As a photographer that shot primarily newborn photos for a long time, I have met many new moms. About 80% of them either do not want to be in the newborn photos or are reluctant to do so. It is a miracle if they are ready to be photographed by the three-month milestone pictures.
Postpartum health and healing is tough, and sometimes the last thing moms want to do is see if their favorite dress from 10 months ago still fits.
I was the same way. After having my last biological child, we decided to splurge on some very nice professional newborn photos. I was so tired from extended visits and a second hospital stay that I didn’t even get dressed. Did I mention that Joseph was 11 pounds and 3 oz?! So I thought I’d save our photographer from the horror. I figured if she saw my botched makeup job, ill-fitting clothes and tire rack belly, she wouldn’t even dream of asking me to step in. But she had been around a while and knew exactly how important it is for moms to get in the photographs.
Fast-forward a few years. I was in the middle of my busiest photography year yet, when I received a sobering phone call from a friend of a family I had recently worked with. I vividly remember the session; they were funny, they loved each other and they had one very excited pre-teen big sister. We chatted so much during the session and we stayed in contact with a few exchanges the weeks after.
All of these memories ran through my head as I listened.

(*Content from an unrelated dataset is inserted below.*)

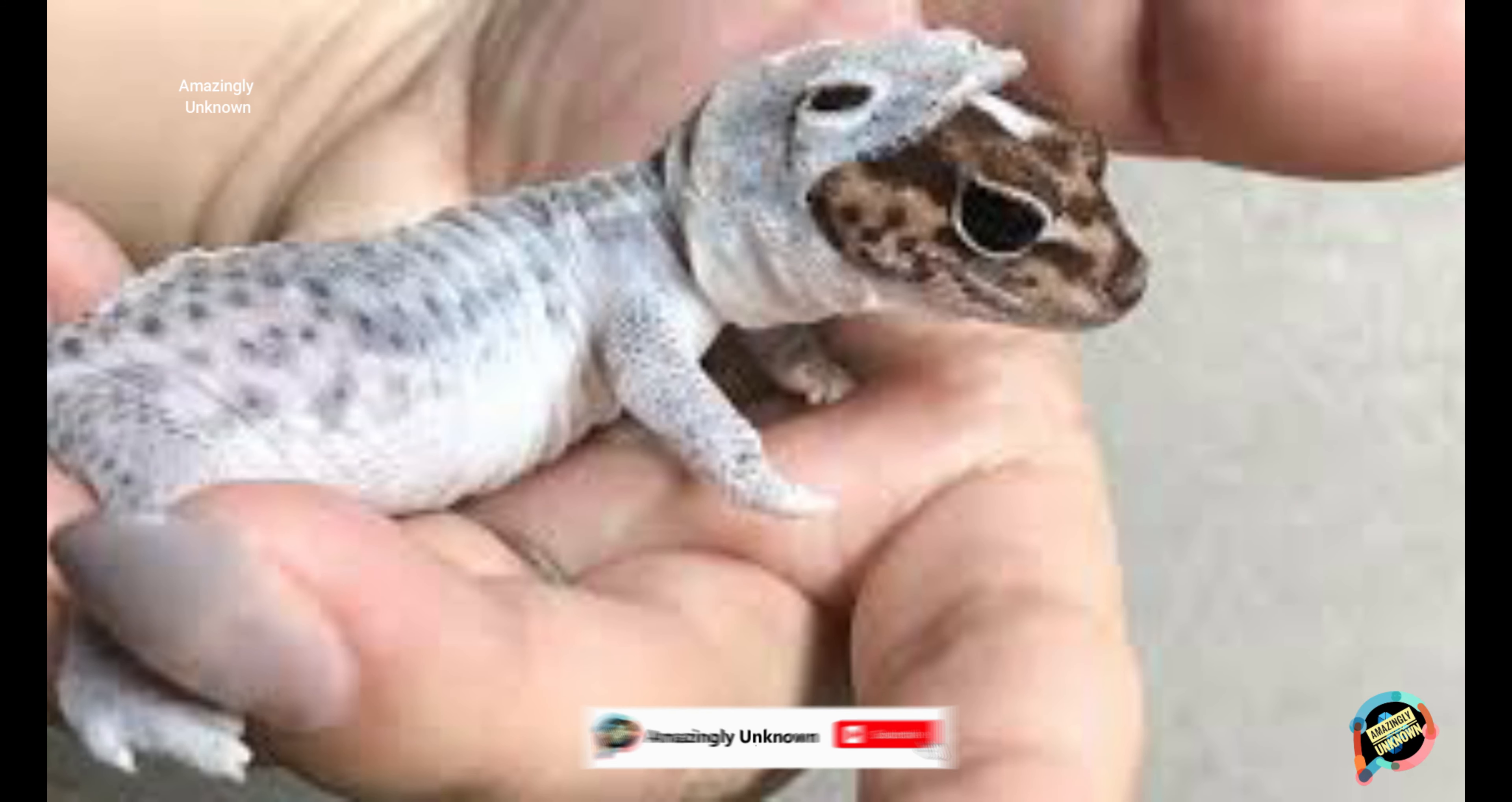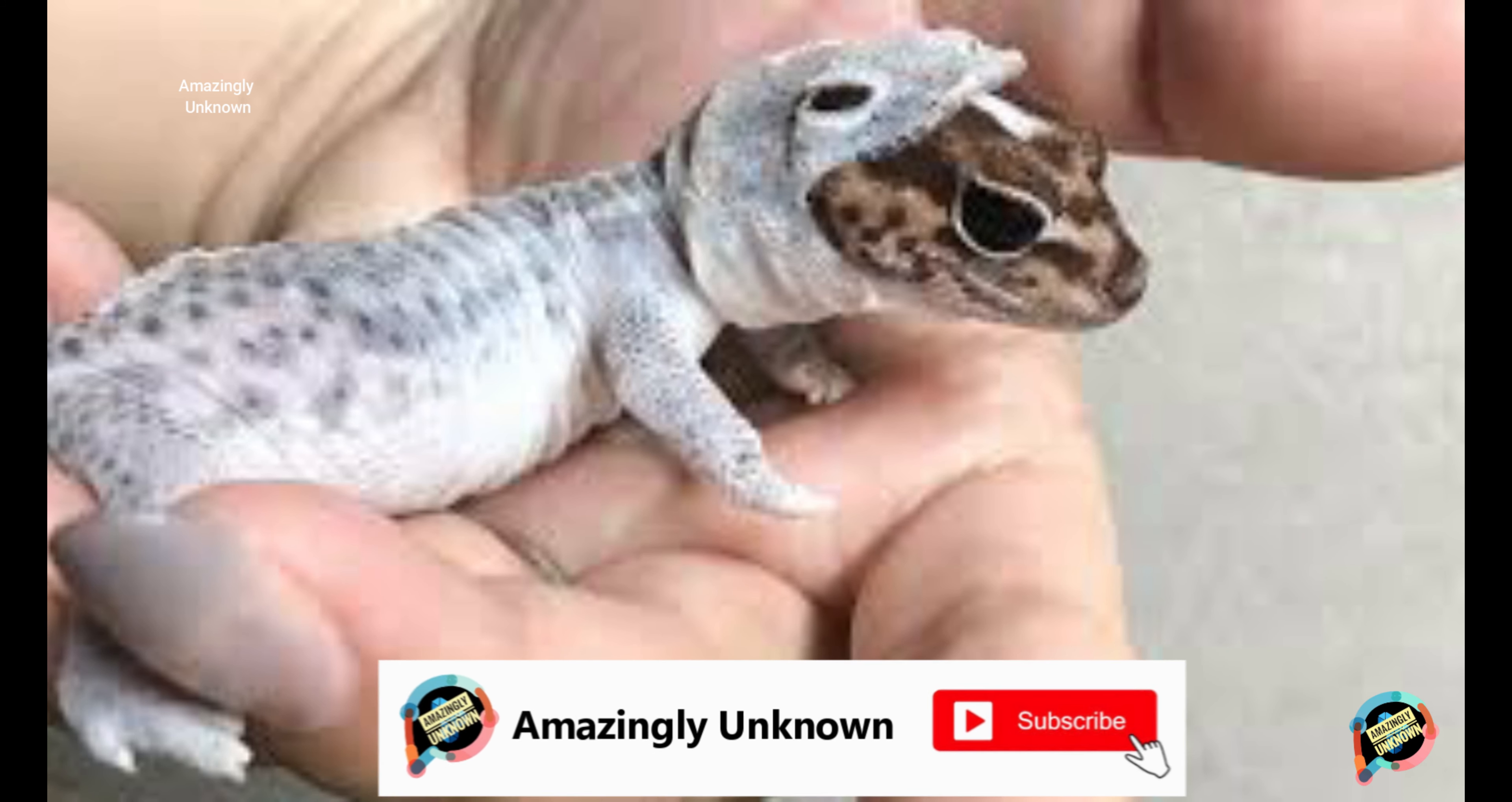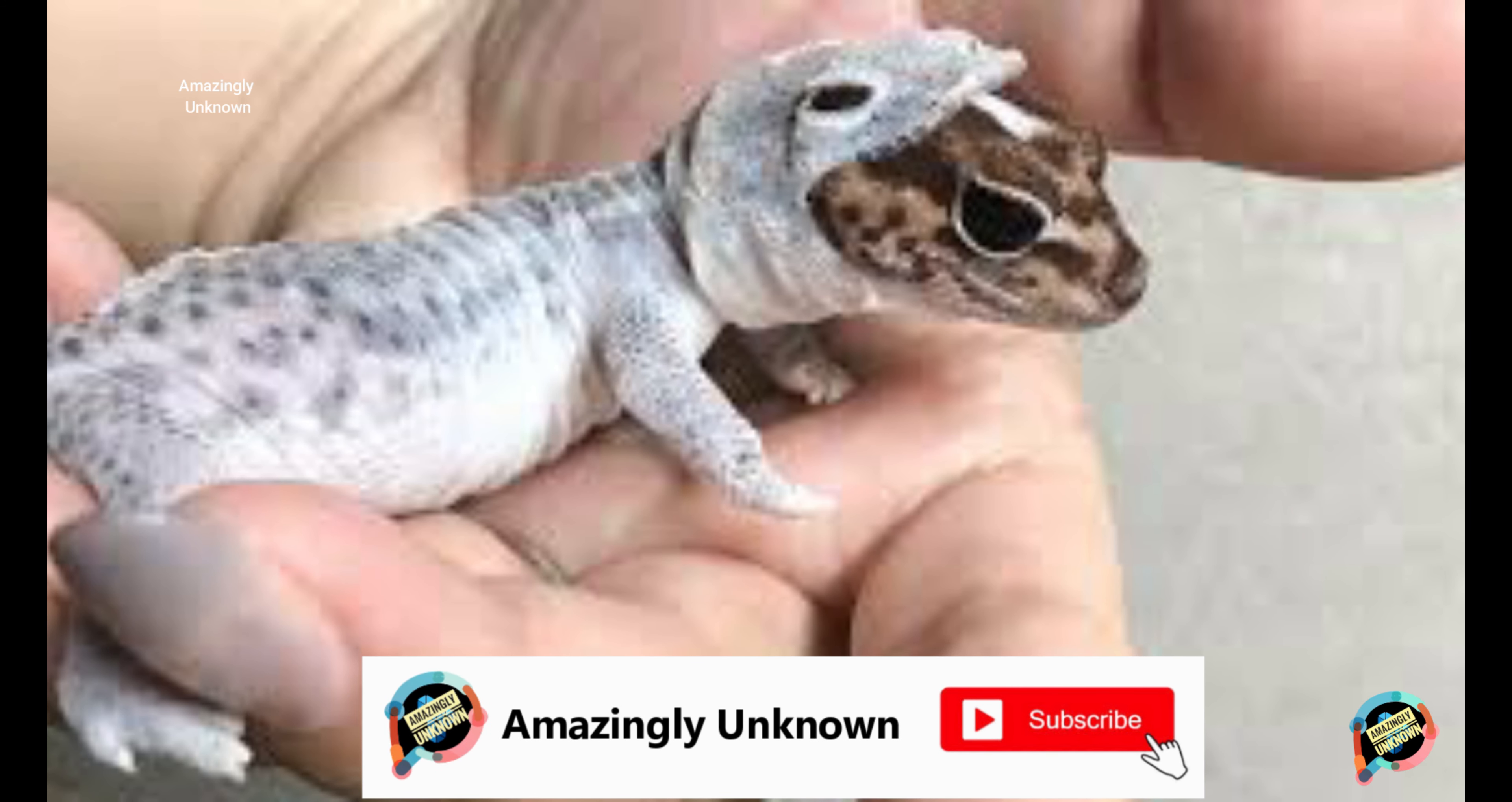This tiny lizard perfectly shedding looks like he's wearing a tiny lizard space suit.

This friend was calling to request the family’s photos so they could be used in the mother’s funeral. She had unexpectedly passed away, and I had taken the only professional photos of them as a family with their newborn baby boy. The magnitude of newborn photography and the very real risk of postpartum complications were never more real to me than in that moment.
I delivered the images with the condolences, and I sobbed through the task.
This incident took me back to my own session and the fight I put up with my photographer. I ended up loving those pictures so much that I upgraded my package just to have them and all the other amazing ones we had planned for and captured. We are fortunate to live in an age of cell phones and extremely nice quick snap photos. But the professional photos were amazing, sweet and definitely something I would want my family to cherish if something were to happen.
My advice as a newborn photographer is this: get in the picture. Life is always shorter than we want it to be. I am guilty of not getting in the photos too. As a photographer, I am always snapping photos of others. It took a social medial hashtag for me to realize just how many I was not in.